Stored items:

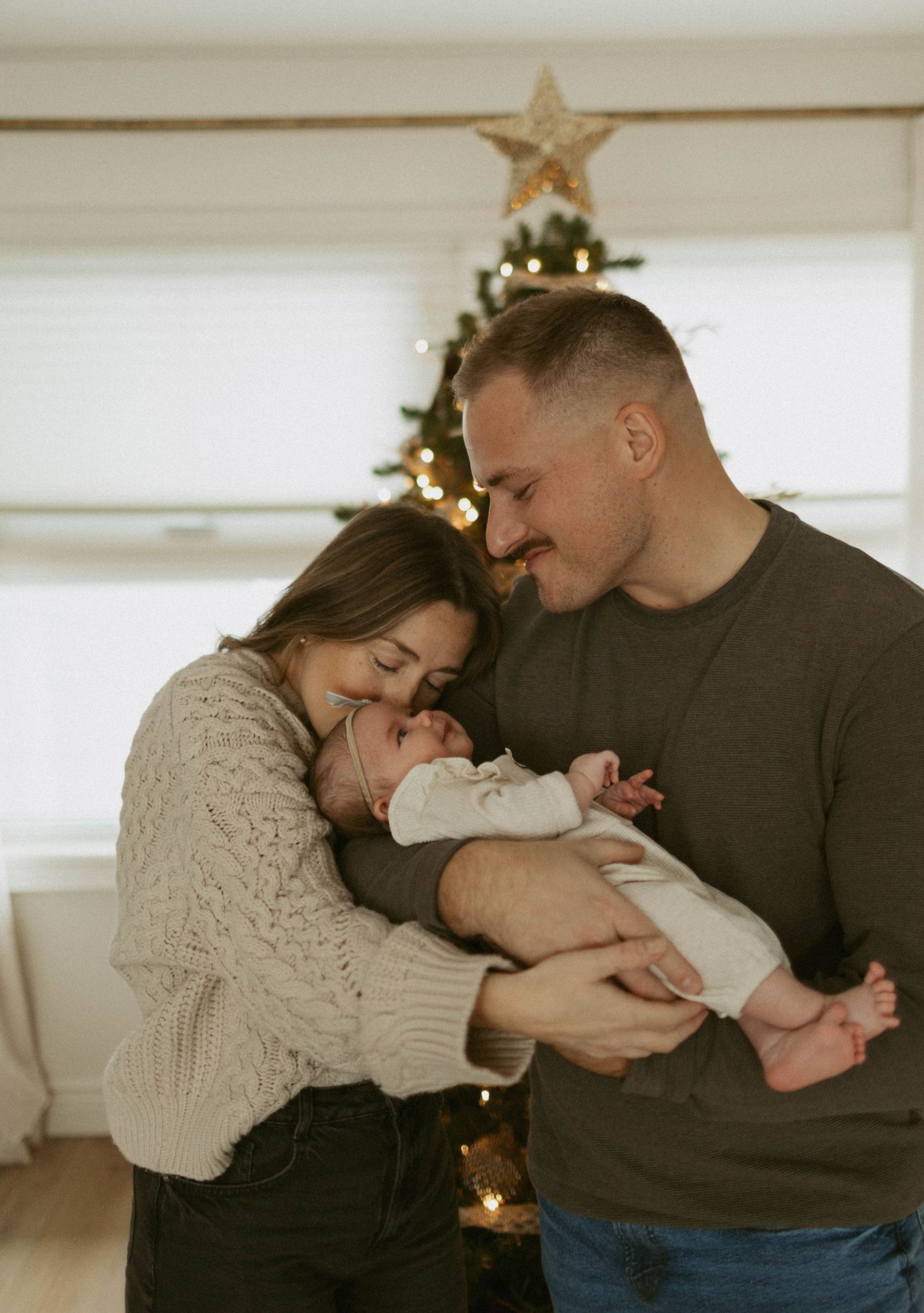 lifestyle newborn photographer near me, award winning photographer, trusted newborn photographer near me, top rated photographer near me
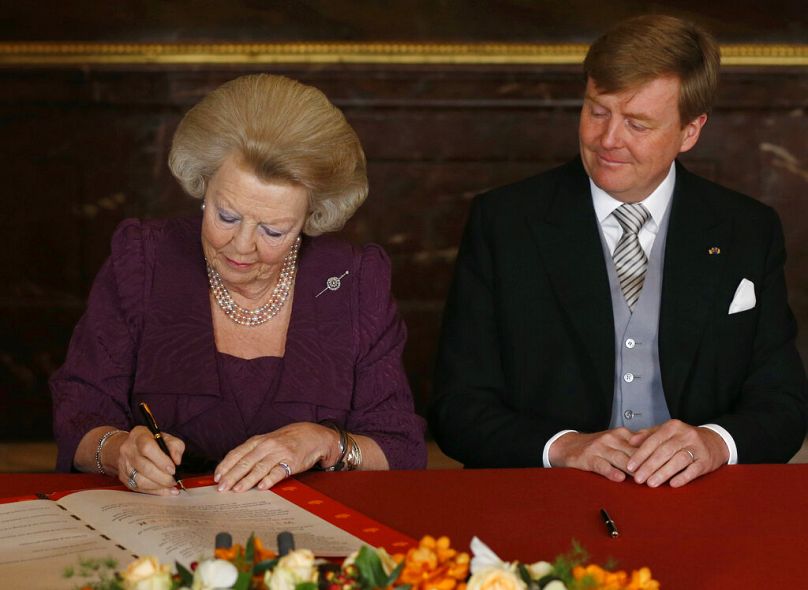 Beatrix királynő aláírja lemondó nyilatkozatát fia, Vilmos Sándor javára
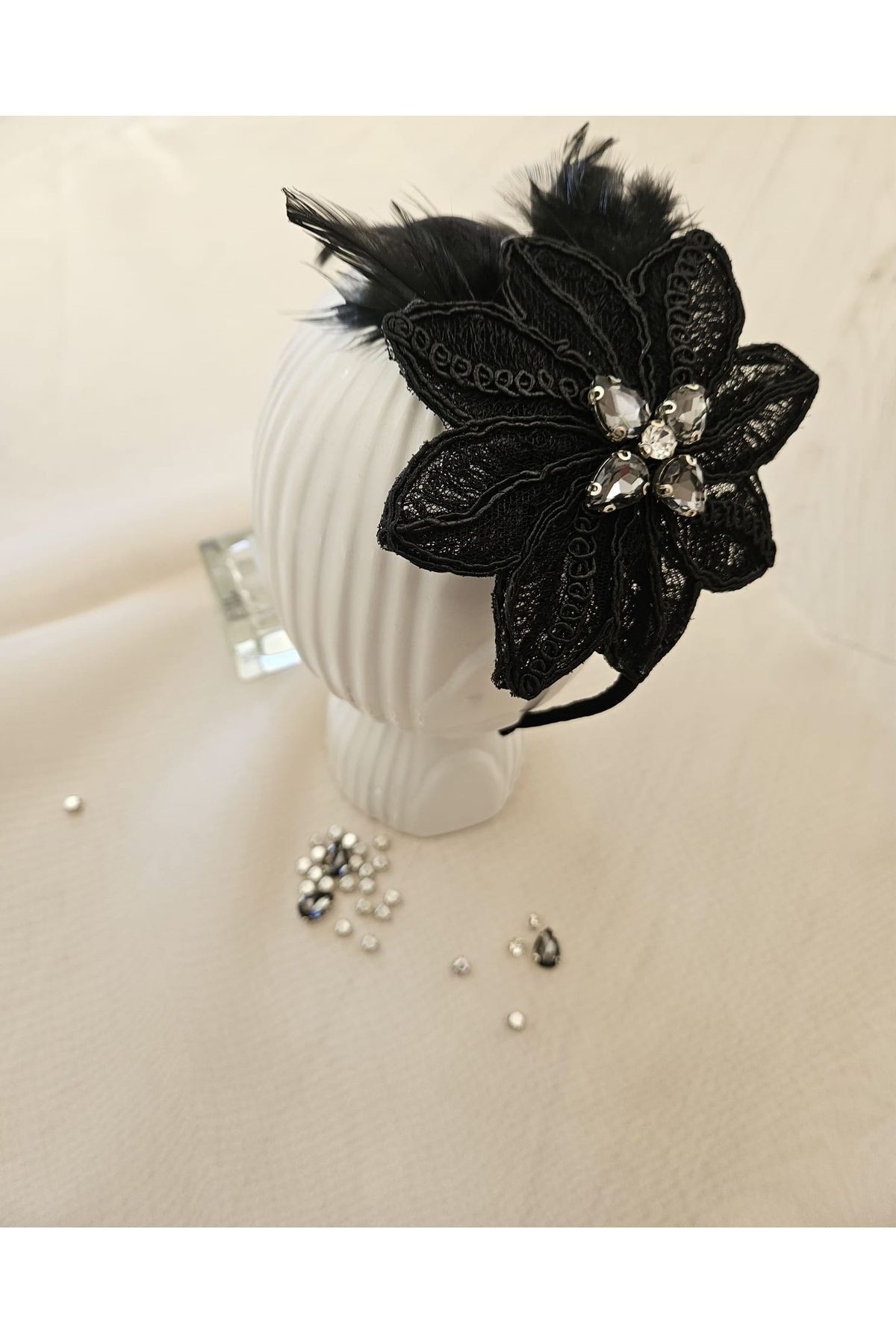 BLACK SWAN SPECIAL DESIGN CROWN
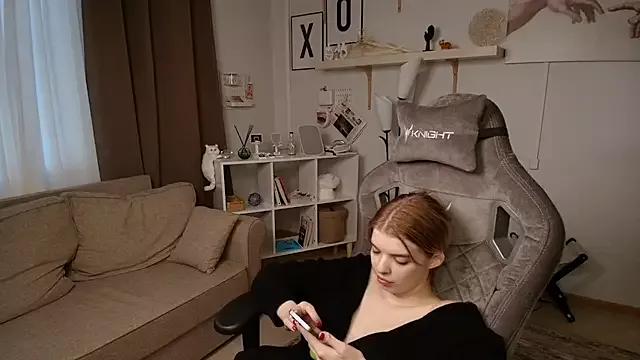ZhenaPrintsa on StripChat 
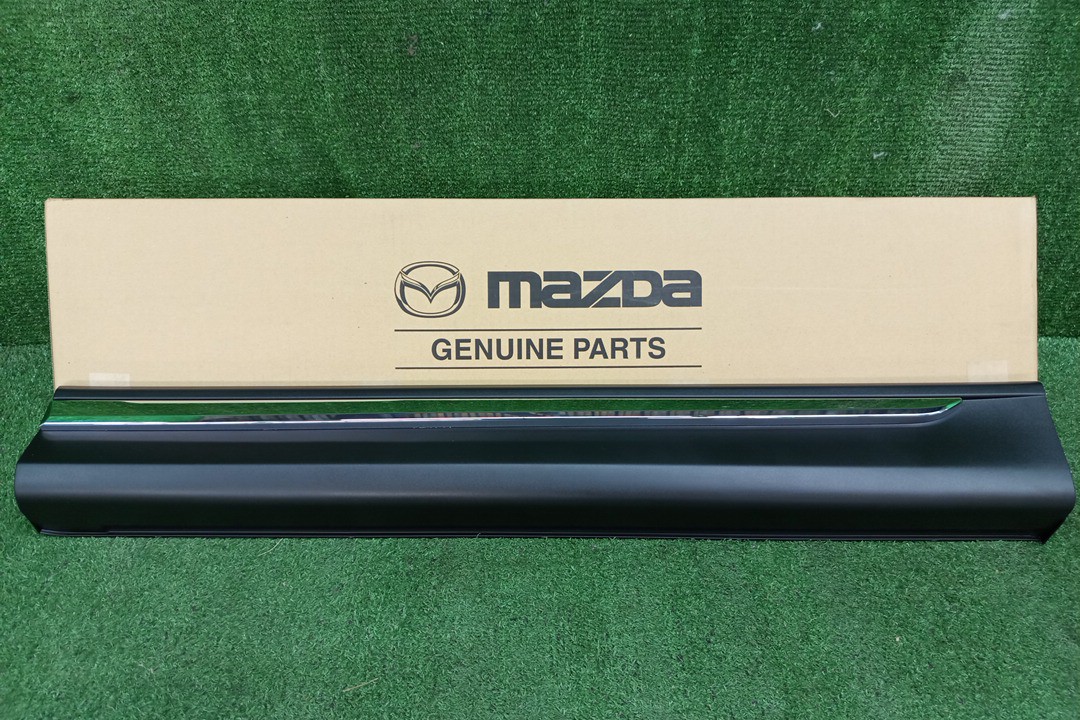 Накладка на дверь левая задняя MAZDA CX-8 KG2P K132-51-RD0A 1 ракурс Накладка на дверь левая задняя MAZDA CX-8 KG2P K132-51-RD0A 1 ракурс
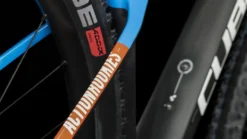 CUBE ELITE C:62 SLX Rookie - Carbon Children's Mountainbike - 2023 - Carbon / Blue / Red -Bike Sale Shop 659150 d 0127891 1398810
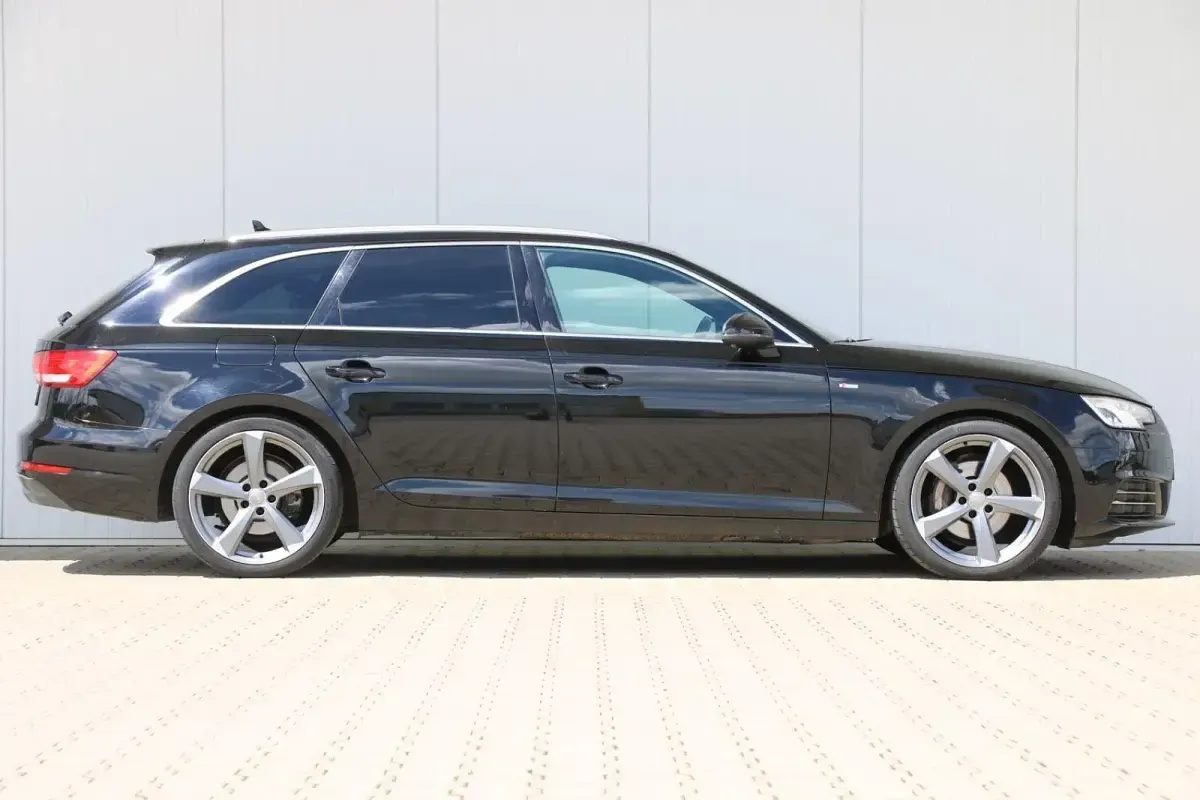 Usata Audi A4 S-Line 190 CV (139 kW) 2016 Nero Station wagon
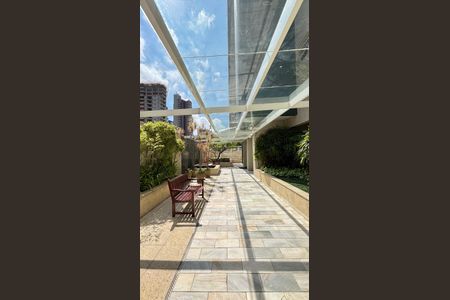 Apartamento à venda com 165m², 3 quartos e 4 vagasÁrea comum - Pátio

What to do:
Copy every record above exactly, leaving out any pictures.

Response below:
 lifestyle newborn photographer near me, award winning photographer, trusted newborn photographer near me, top rated photographer near me
 Beatrix királynő aláírja lemondó nyilatkozatát fia, Vilmos Sándor javára
 BLACK SWAN SPECIAL DESIGN CROWN
ZhenaPrintsa on StripChat 
 Накладка на дверь левая задняя MAZDA CX-8 KG2P K132-51-RD0A 1 ракурс Накладка на дверь левая задняя MAZDA CX-8 KG2P K132-51-RD0A 1 ракурс
 CUBE ELITE C:62 SLX Rookie - Carbon Children's Mountainbike - 2023 - Carbon / Blue / Red -Bike Sale Shop 659150 d 0127891 1398810
 Usata Audi A4 S-Line 190 CV (139 kW) 2016 Nero Station wagon
 Apartamento à venda com 165m², 3 quartos e 4 vagasÁrea comum - Pátio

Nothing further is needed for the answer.